It is news to no one that these are times of rapid change in retail. The digital transformation that is being driven by technological advances, consumer expectations and the competitive pressure exerted by Amazon and digitally native upstarts, is not confined to one vertical or one region of the world.
Daniel Lucht, research director of London-based ResearchFarm took some time out at IRCE this week to talk to us about the retail landscape in the UK. He said retailers are facing disruption in the form of uncertainty around Brexit, from employment shifts as artificial intelligence continues to offer efficiencies and from the long-running migration of retail to online.
The effects of rapidly increasing online sales are hardly confined to the UK, and while the shift is disruptive, it also represents an opportunity. In the video interview below, Lucht explains why taking advantage of digital sales channels can be more challenging for some retailers, such as legacy brick-and-mortar players, compared to others.
Department stores have had a particularly difficult time in the age of Amazon and the litany of bankruptcy has continued both in the UK and the U.S. Some have referred to the downsizing as a retail apocalypse and while the narrative is dramatic, the change is more complicated. As Sucharita Kodali pointed out at NRF’s Big Show earlier this year, more retail companies opened stores last year than closed them.
Legacy brick-and-mortar stores are rethinking their businesses
Legacy brick-and-mortar stores need to rethink how they do business and many are.
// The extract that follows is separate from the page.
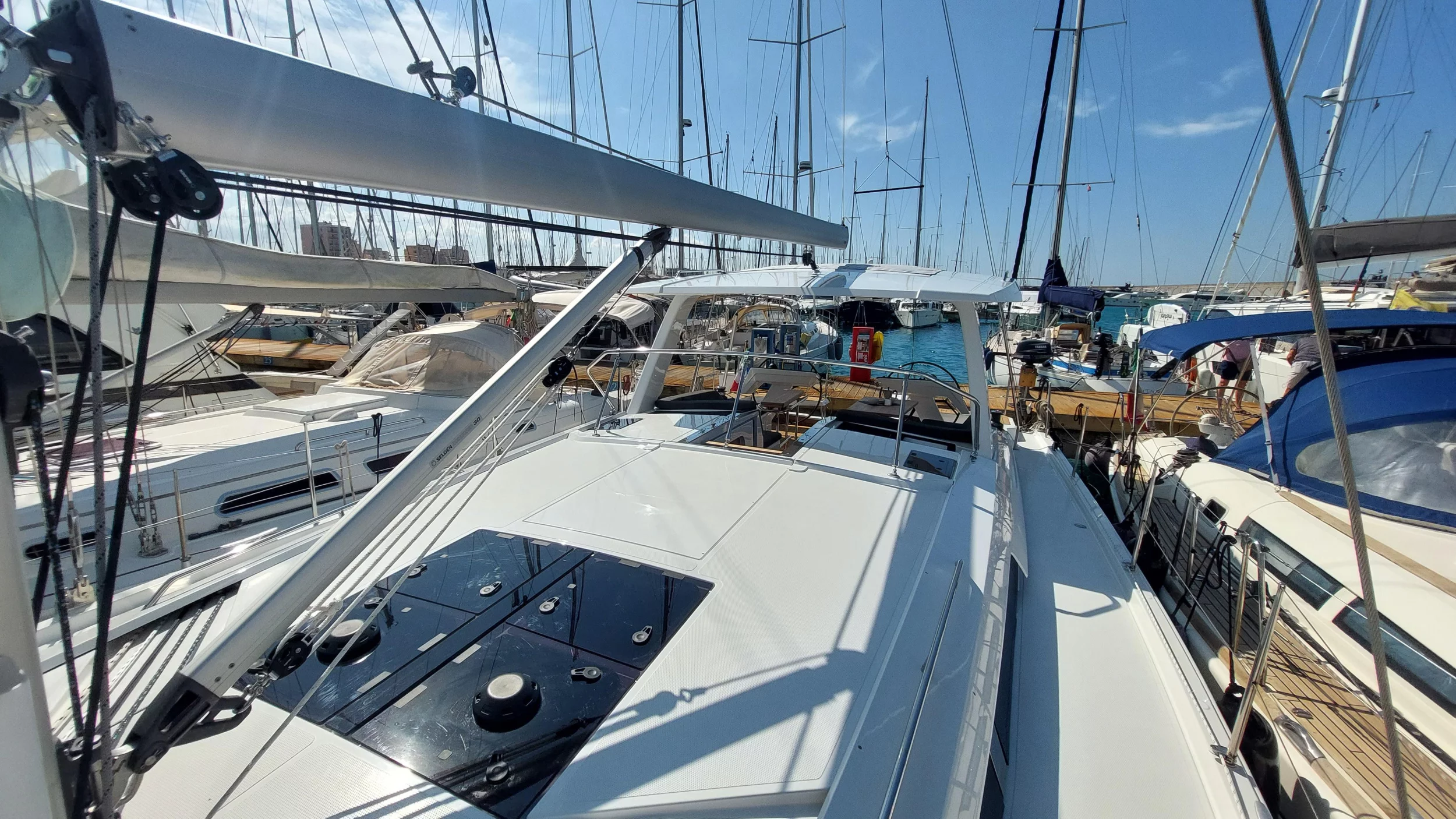 Hanse 460 - 4 cabine - 2 bagni - 8 posti letto (La Mariacristina)  - 14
Long-lived brands have an opportunity to provide an experience in-store, such as fashion events, cooking demonstrations, social mixers — all in a store that a significant number of consumers have grown to trust over the years.
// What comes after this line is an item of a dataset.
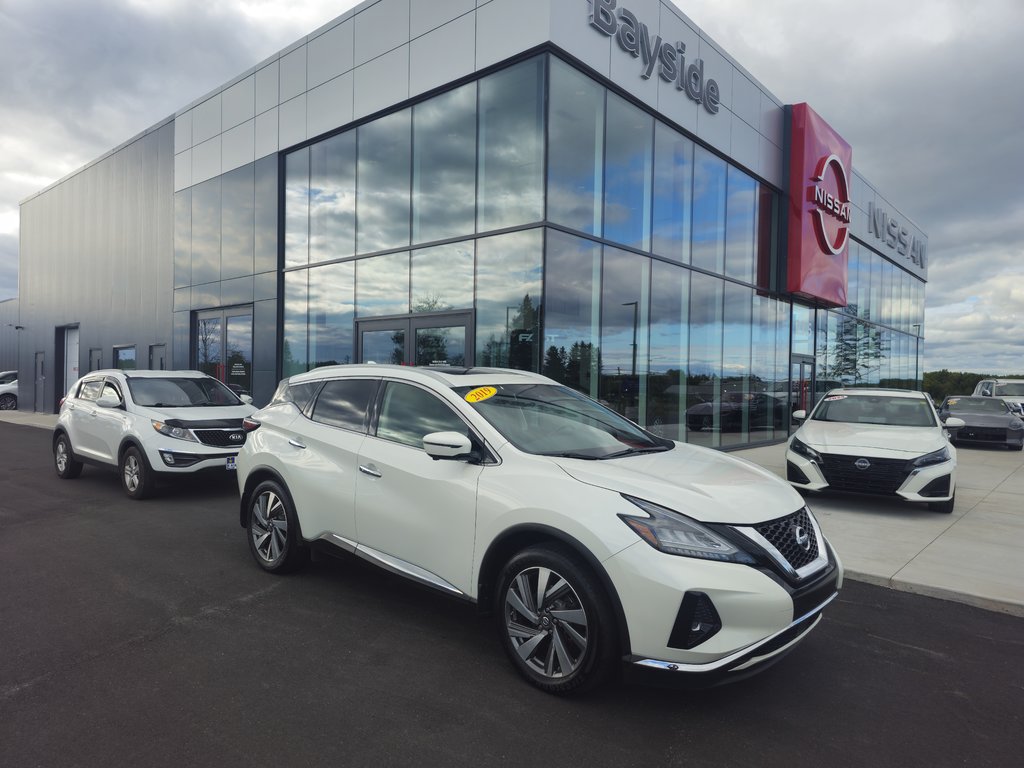 2019  Murano SL AWD CVT in Bathurst, New Brunswick - 1 - w1024h768px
Digital natives, who started businesses in the cloud are now opening physical stores, although they are not traditional retail outlets. Instead, they tend to be more like showrooms and places where consumers can get advice about products and purchases.
Traditional brick-and-mortar stores have an opportunity to use their stores as a distribution network. Each store provides a node to offer buy-online-pick-up-in-store, with the potential to gain additional sales when consumers come into the store for their digital purchases. The existing stores can also act as mini-warehouses, supporting ship-from-store initiatives that help meet consumers’ expectations for rapid delivery.
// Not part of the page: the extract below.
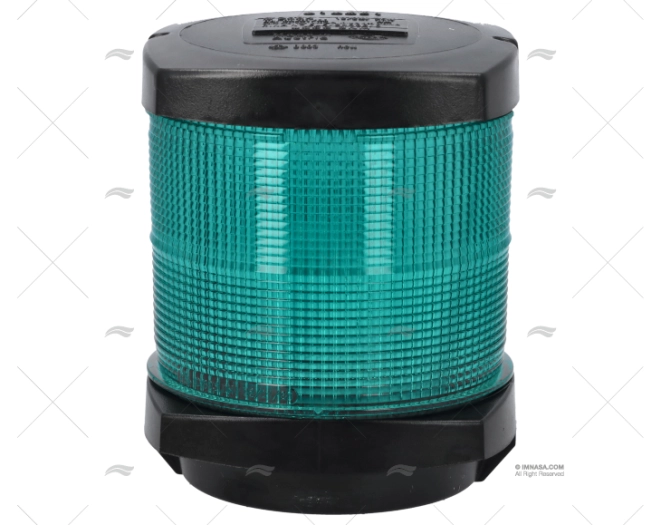 LUZ 2984 HELLA PRETA 360G VERD 2MILL HELLA MARINE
Disruption always produces winners and losers
But they call it disruption for a reason. In any disruption there are winners and there are losers. And often it takes time to sort out just who is which. No doubt Lucht is right about the UK having a surplus of retail in general. The same is true in the United States. The market will continue to correct, which will mean some continuing pain.
But it will also no doubt result in some retail innovations that we’ve yet to even imagine.